The question is really this:  “Are there any universal truths, applicable to all people?” And the answer is: “Of course.”  For example, all humans must have oxygen, water, and food in order to survive.  Deprivation of these things long enough will result in death.  No exceptions.  So clearly, there are some truths (i.e., unavoidable realities) applicable to all people.

It’s like noting that the earth’s axis rests at a 23 degree tilt, North America is in the Western Hemisphere, and Ronald Reagan was president in 1984. These are not matters of opinion or preference; they are examples of truth.

When we believers are sharing the content Christ’s Good News (the “Gospel”), we are stating objective truths.  Christ’s resurrection is not “my truth” (though I definitely believe it), it is simply “truth.”  The Gospel’s veracity and relevancy is in no way tied to the fact that Christians accepted it.  Christ’s death for the world is true…because it happened.

I often ask people a series of questions, like, “Could we agree that the existence of some objective truths is at least possible?  And could one of those truths be that Jesus Christ is the Son of God?  And who proved Himself by rising from the dead?”

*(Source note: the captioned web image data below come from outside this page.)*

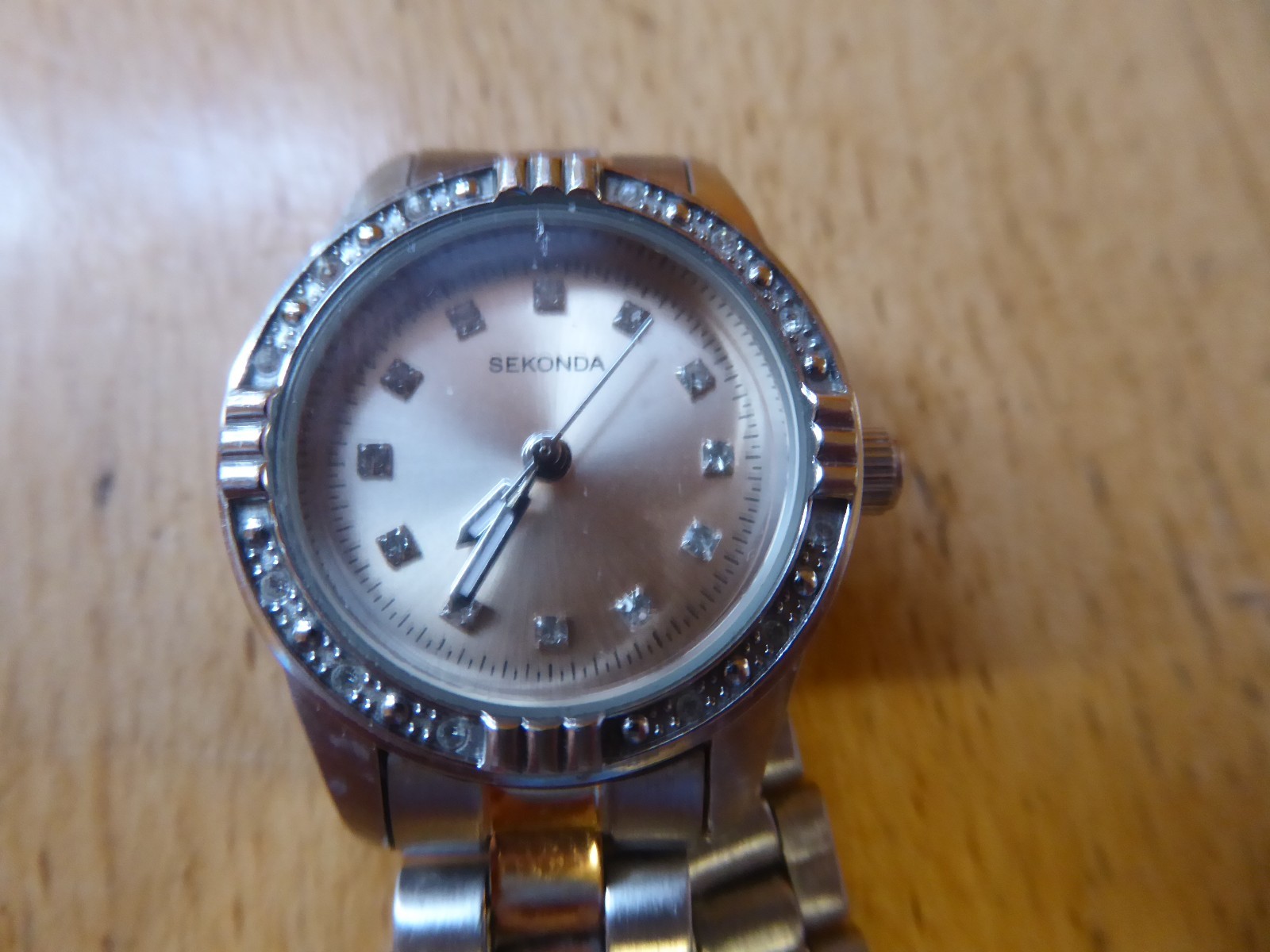 LADIES SEKONDA BRACELET WATCH 2496 AKT #223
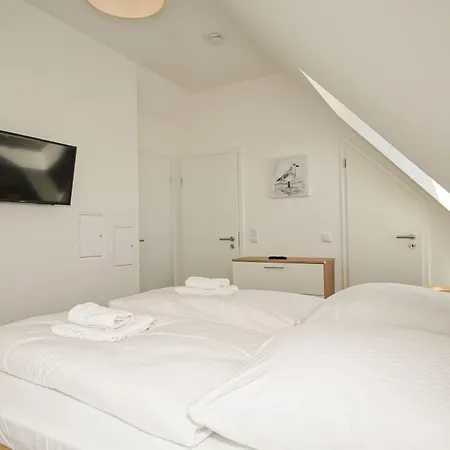 Rex Rugia Haus 17 06 *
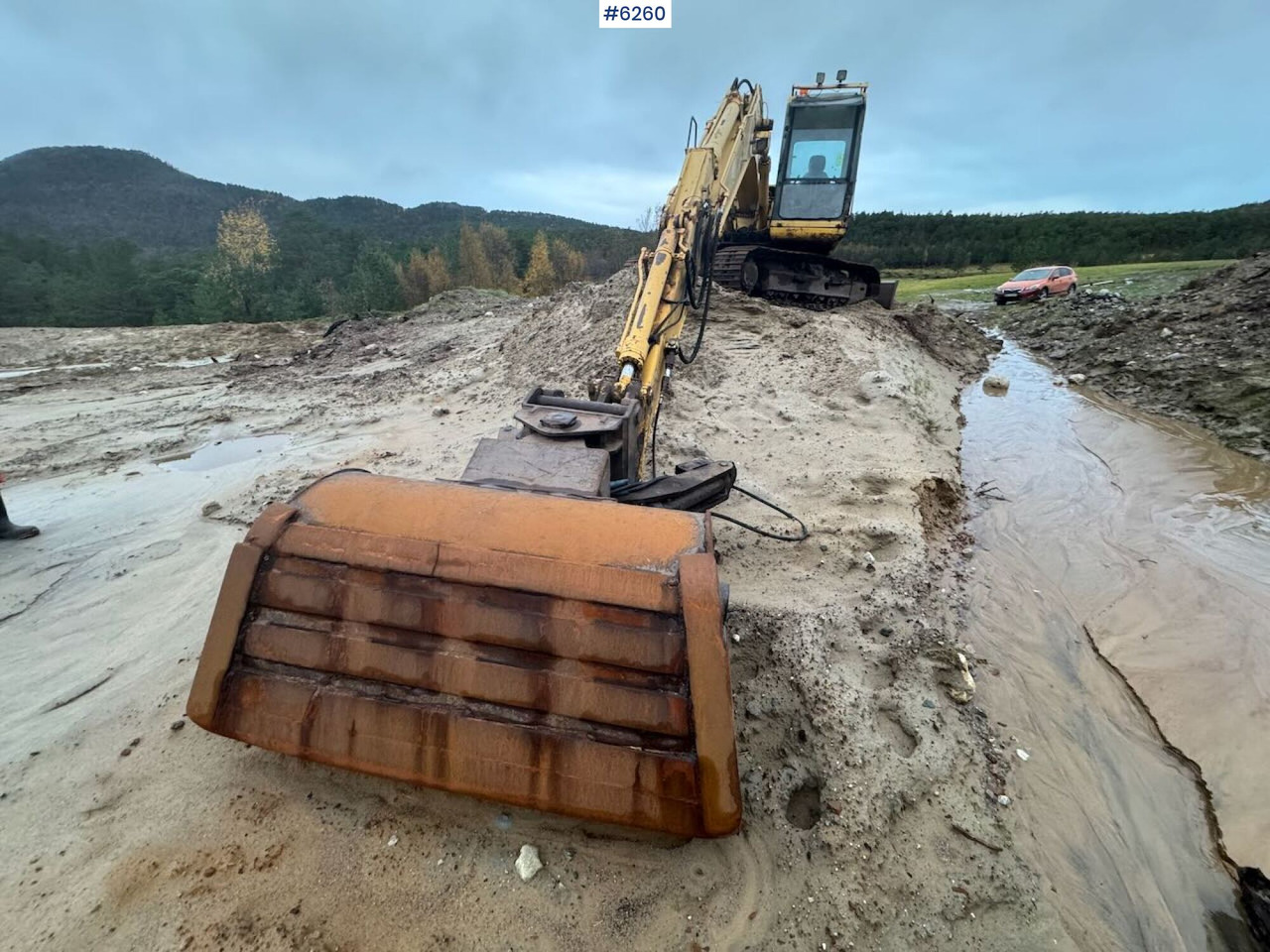 1998 Komatsu PC130-6K with Grading Bucket and Digging Bucket! - Escavadeira: foto 4 1998 Komatsu PC130-6K with Grading Bucket and Digging Bucket! - Escavadeira: foto 4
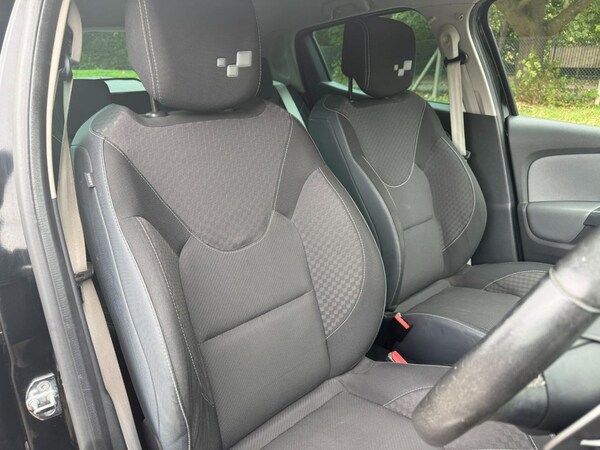 Used Renault Clio 2016 for sale - 76303794: Photo 12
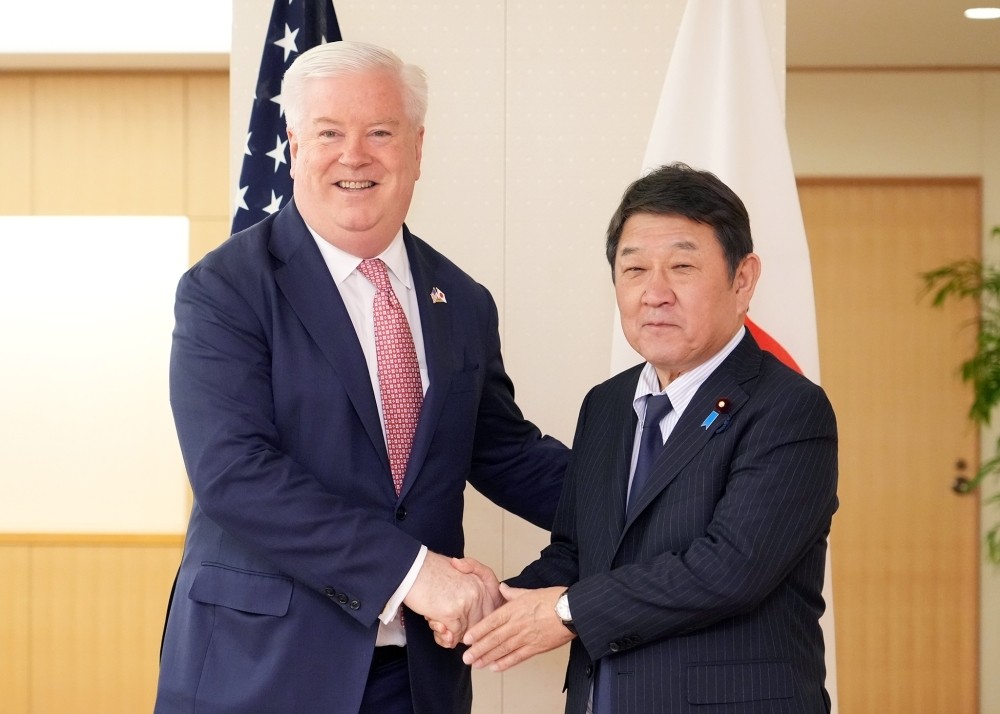 Foreign Minister Toshimitsu Motegi and US Ambassador to Japan George Glass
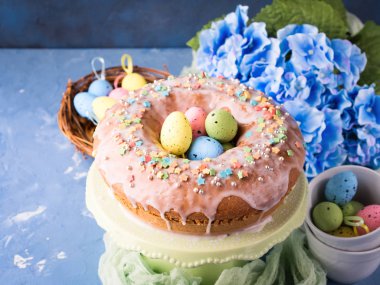 Paskalya tatlı pasta şeker buzlanma ve tatil dekorasyonu ile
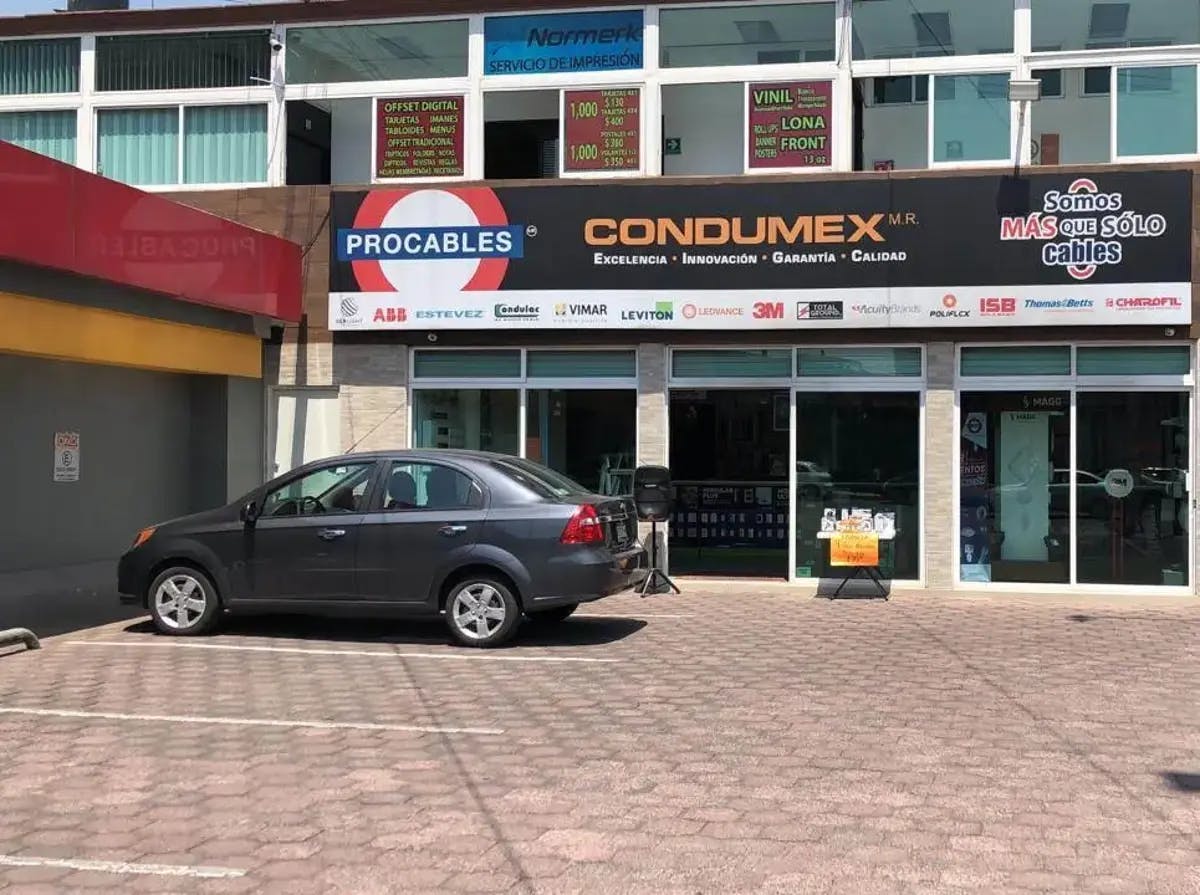 Local Comercial Spot2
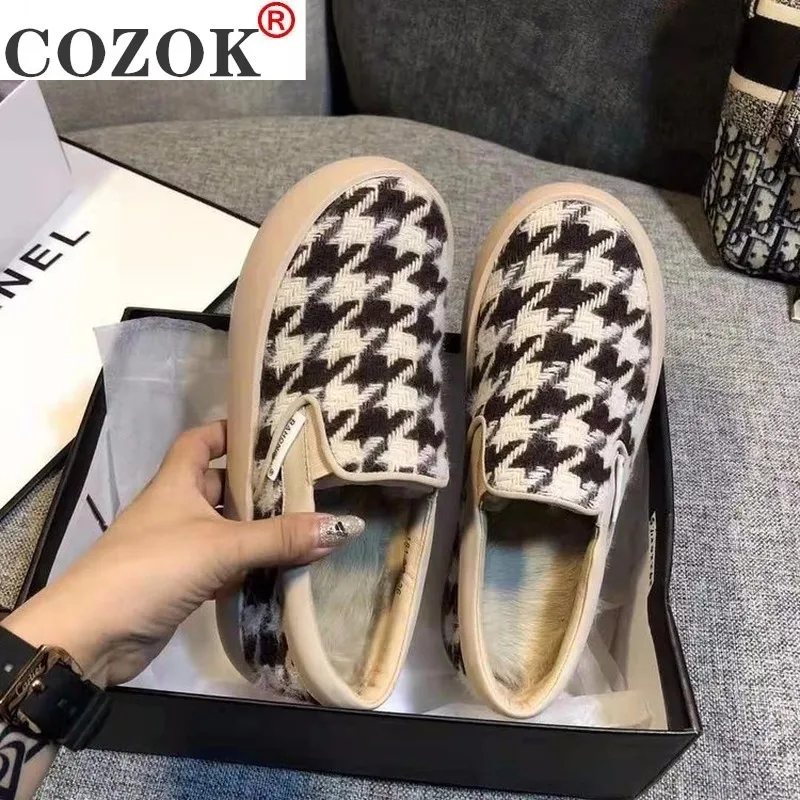 

2020 Women Snow Boots suede Ankle Boots Winter keep warm Thick soles and comfortable Flat Wool Boots Women Shoes Casual shoes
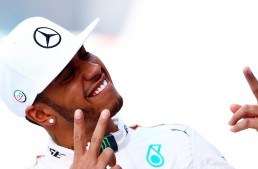 Lewis Hamilton este al 10-lea cel mai bine plătit sportiv de pe planetă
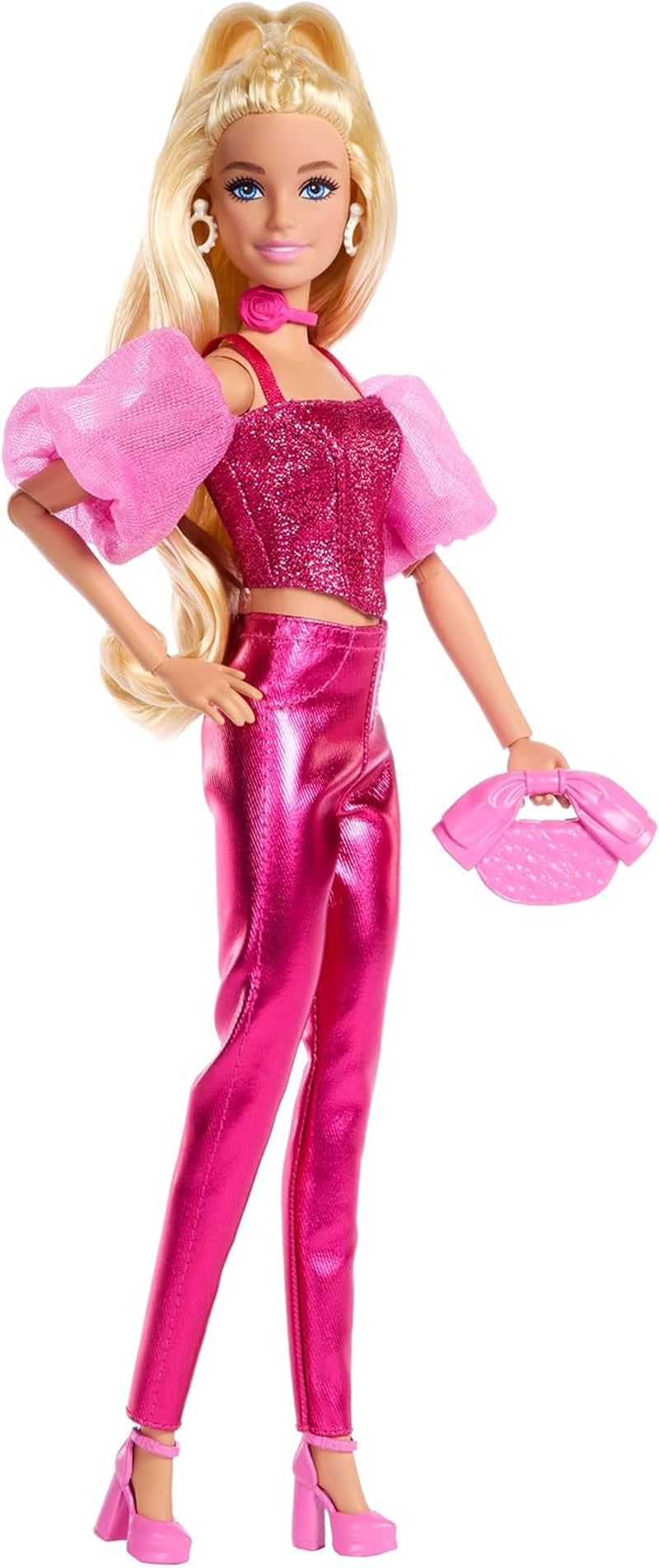 Muñeca Barbie Deluxe Style #5 con un traje rubio rosa metálico con un corpiño brillante y pantalones brillantes, con accesorios que incluyen un collar rosa y un bolso, JFP40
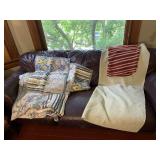 ASSORTED QUILTS AND THROWS, VARIOUS PATTERNS AND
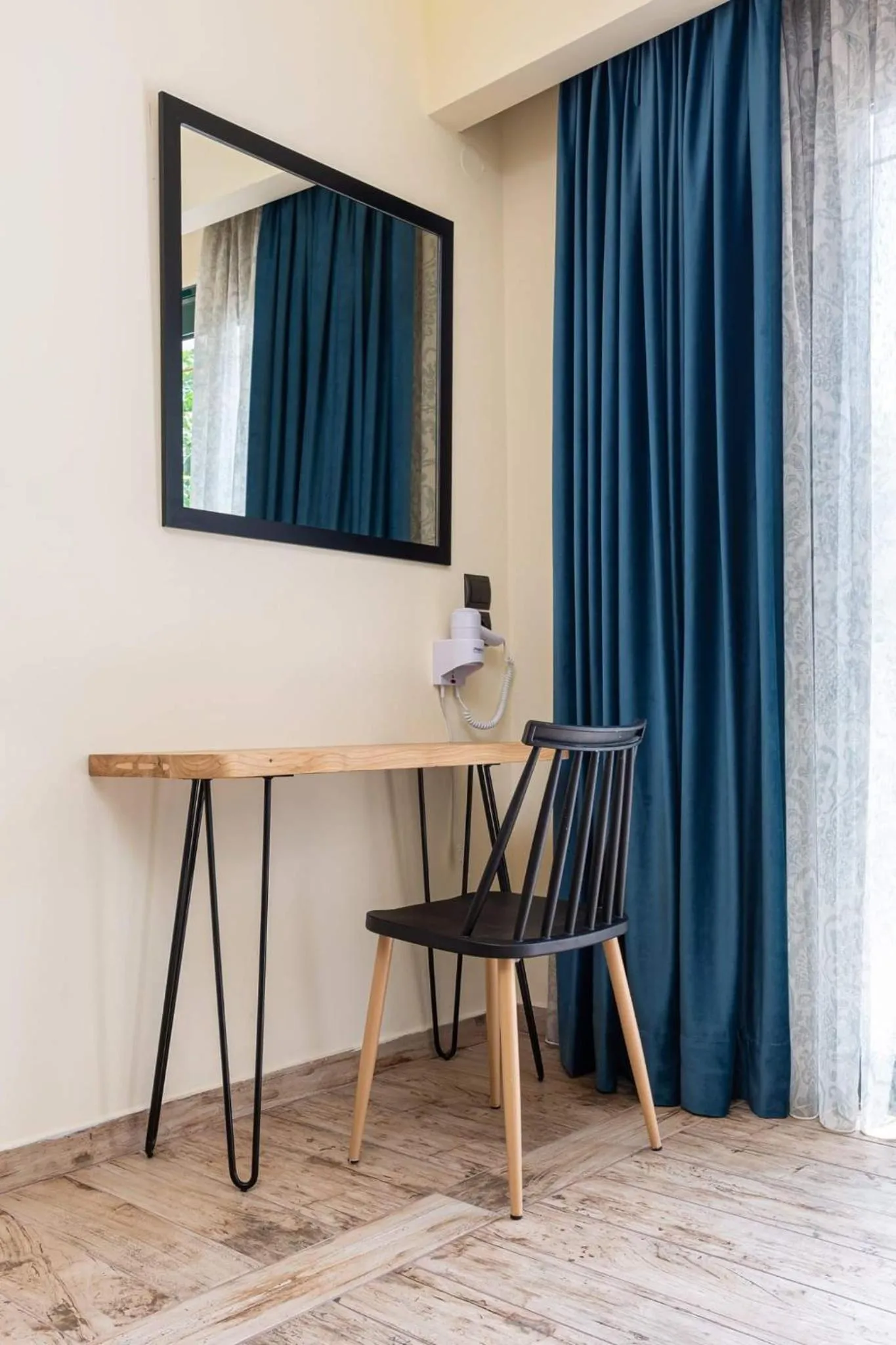 hair dresser in Dias Hotel & Apts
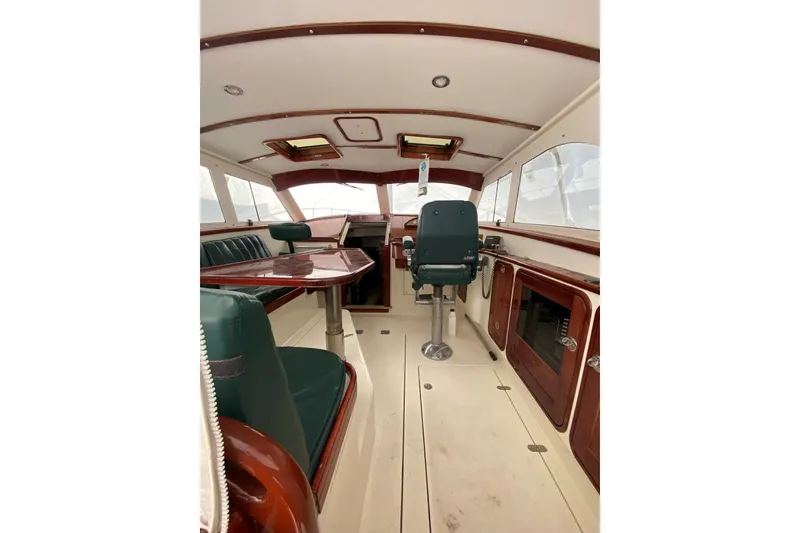 Slide: The Image of Pilot bridge with seating for 6. - 4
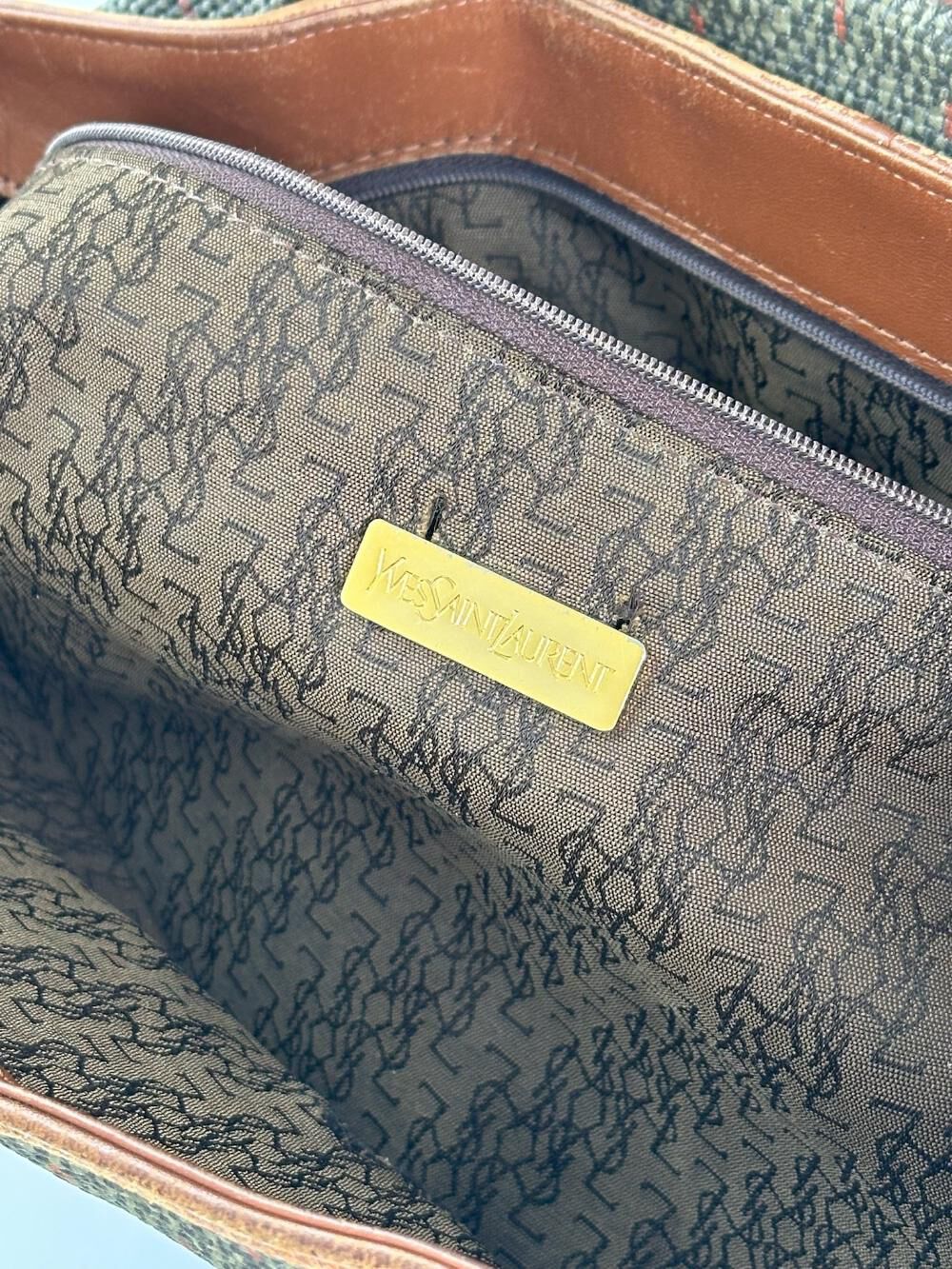 Yves Saint Laurent Tote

Diffusing this common assumption (“the truth is there is no truth”) does much to clear the way for a person to seriously think about forgiveness in Christ.  Ever-logical Thomas Aquinas (1225-1274) noted that if anything is true, then truth exists.  Eureka!  There is truth!  God wants all nations to know that Jesus is Lord and salvation is possible.  More than ever, James’ generation and our culture overall must hear this truth for themselves.